PROBLEM DESCRIPTION => Repeat exactly the lines beginning at the one that contains "44IN Santa Stop" and running to the end of the material. Omit the pictures.

[[ RECORDED INFORMATION open ]]

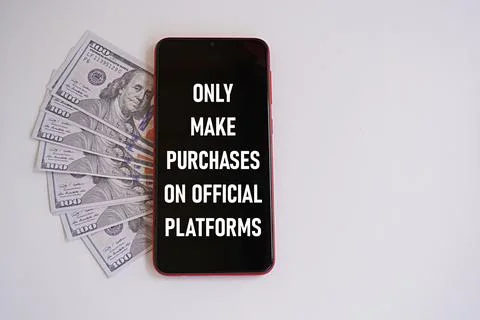 Only make purchases on official platform. Business concept. Buy and sell online Foto stock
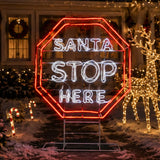 44IN Santa Stop Here LED Light Sign Neon Style Christmas Decor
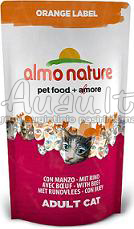 Almo Nature Oranžinė etiketė Suaugusių kačių visavertis ėdalas su jautiena 750g.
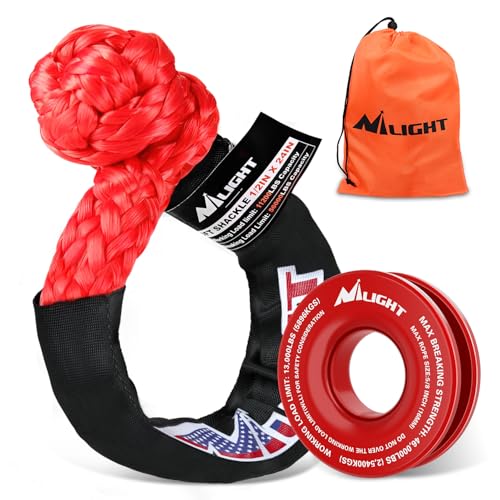 Nilight Synthetic Soft Shackle 1/2" x 24" & Recovery Ring Kit - color: 1Pc Shackles + Snatch Ring Red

[[ RECORDED INFORMATION closed ]]

REPLY TO THE EXERCISE =>
 44IN Santa Stop Here LED Light Sign Neon Style Christmas Decor
 Almo Nature Oranžinė etiketė Suaugusių kačių visavertis ėdalas su jautiena 750g.
 Nilight Synthetic Soft Shackle 1/2" x 24" & Recovery Ring Kit - color: 1Pc Shackles + Snatch Ring Red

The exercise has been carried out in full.